Eliot Weinberger: Es wird oft gesagt, daß Poesie ihrem Wesen nach oppositionell sei, weil sie etwas ausdrückt, was noch nie zuvor ausgedrückt wurde. Das würde dem entgegenstehen, was ein starker Staat will. Eine Frage, die bei solchen Diskussionen nie gestellt wird, ist die, was passiert, wenn man den offiziellen Staat unterstützt. Ist es in der Moderne möglich, Lyrik zu schreiben, die den Staat unterstützt? Ein Beispiel, das einem natürlich einfällt, sind kommunistische Autoren. So stellt sich die Frage, kann man als kommunistischer Autor, der seinen Staat unterstützt, wirklich große Lyrik schreiben?

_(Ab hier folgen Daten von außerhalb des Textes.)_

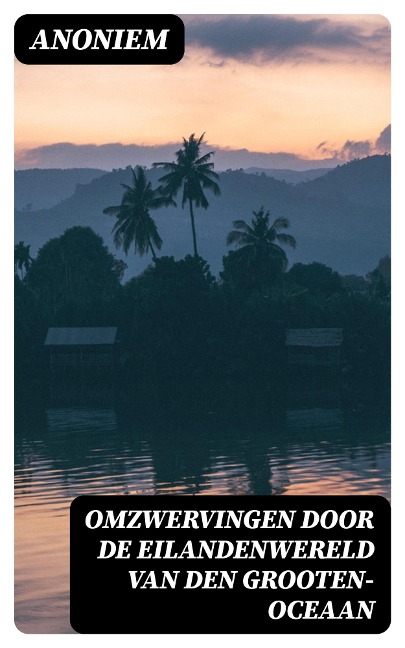 Omzwervingen door de eilandenwereld van den Grooten-oceaan - Anoniem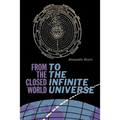 From the Closed World to the Infinite Universe: Hideyo Noguchi Lecture - Paperback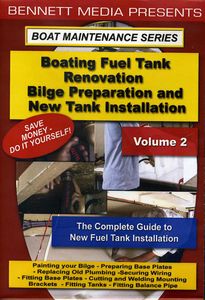 Boating Fuel Tank Renovation: Volume 2-Bilge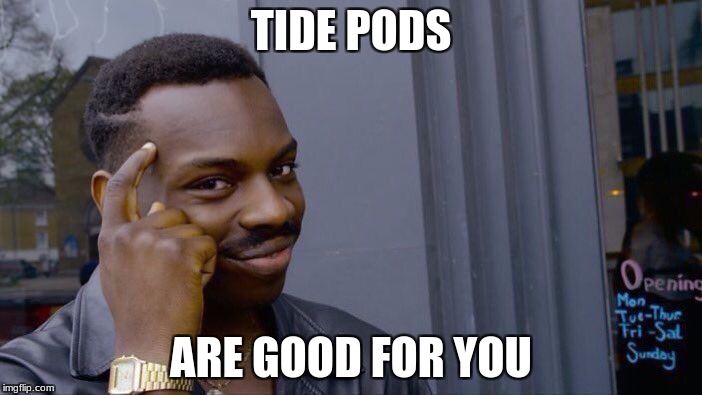 Roll Safe Think About It Meme | TIDE PODS; ARE GOOD FOR YOU | image tagged in memes,roll safe think about it | made w/ Imgflip meme maker
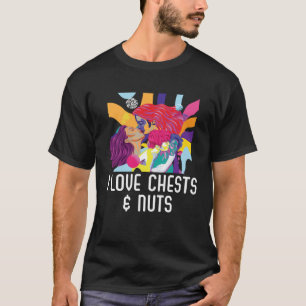 I Love Chests And Nuts Bisexual Pride Bisexuality T-Shirt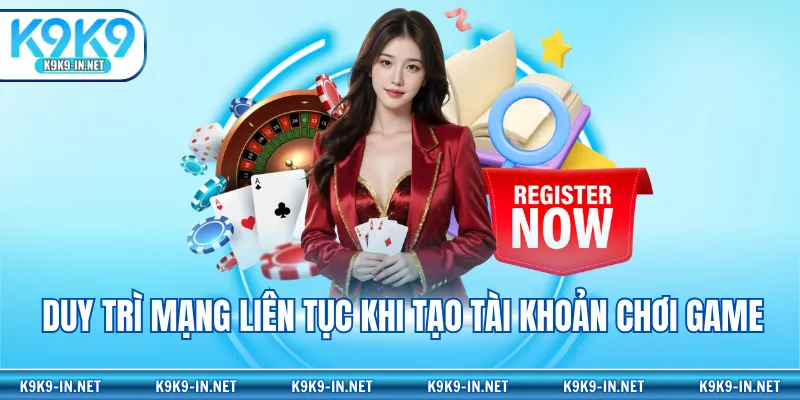 Duy trì mạng liên tục khi tạo tài khoản chơi game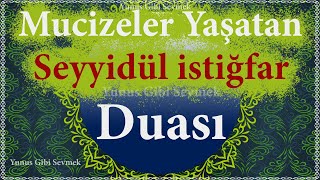 Seyyidul istiğfar Duası  Sıkıntıları gideren çok tesirli bir dua [upl. by Rambert111]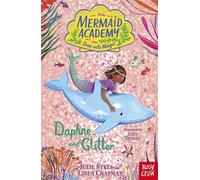 Mermaid Academy: Daphne and Glitter - Julie Sykes - Nosy Crow Ltd - ebook (ePub) - Livre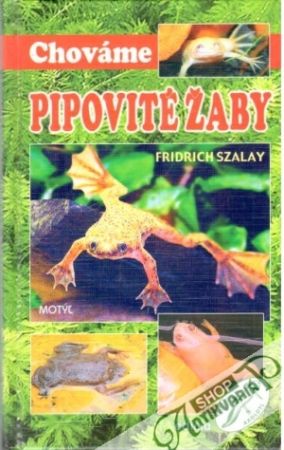 Chováme pipovité žaby - Szalay Fridrich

Die Beispiele, die man findet, zeigen, daß diese Lyriker ziemlich schreckliche Gedichte zur Unterstützung des Staates geschrieben haben, ich denke z.B. an Nerudas Hymnen an Stalin.

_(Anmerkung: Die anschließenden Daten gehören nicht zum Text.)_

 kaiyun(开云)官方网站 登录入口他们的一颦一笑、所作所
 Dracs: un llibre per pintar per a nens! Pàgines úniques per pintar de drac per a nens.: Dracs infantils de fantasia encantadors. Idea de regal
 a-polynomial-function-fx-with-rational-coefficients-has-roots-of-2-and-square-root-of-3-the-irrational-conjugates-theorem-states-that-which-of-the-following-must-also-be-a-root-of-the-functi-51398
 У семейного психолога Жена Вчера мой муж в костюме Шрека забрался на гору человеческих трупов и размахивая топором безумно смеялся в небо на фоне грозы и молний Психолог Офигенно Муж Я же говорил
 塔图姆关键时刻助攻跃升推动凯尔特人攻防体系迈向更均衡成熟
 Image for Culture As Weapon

Ich denke, es gibt zwei Strategien. Die eine wurde von dem peruanischen Schriftsteller César Vallejo verfolgt. Er hat Texte zur Unterstützung der Revolution und des Kommunismus geschrieben, die auch jeder andere geschrieben haben könnte. Seine Lyrik hat er davon strikt getrennt. Er hat genau die Lyrik geschrieben, die er auch schreiben wollte. Die andere Strategie ist die von George Oppen aus New York, der 1932 entschied, daß ein Dichter genauso wie jeder andere für die Revolution arbeiten müsse. Deshalb hat er 25 Jahre lang nichts mehr geschrieben und ist stattdessen in die Fabriken gegangen, um die Revolution zu organisieren.

Meine Frage, auf die ich keine Antwort habe, ist, ob man gute Poesie schreiben kann, die den Staat unterstützt oder ob Poesie ihrem Wesen nach oppositionell ist. Lyrik feiert ja sehr oft die Liebe, die Natur etc., kann sie also nicht einen aufgeklärten, modernen Staat lobpreisen?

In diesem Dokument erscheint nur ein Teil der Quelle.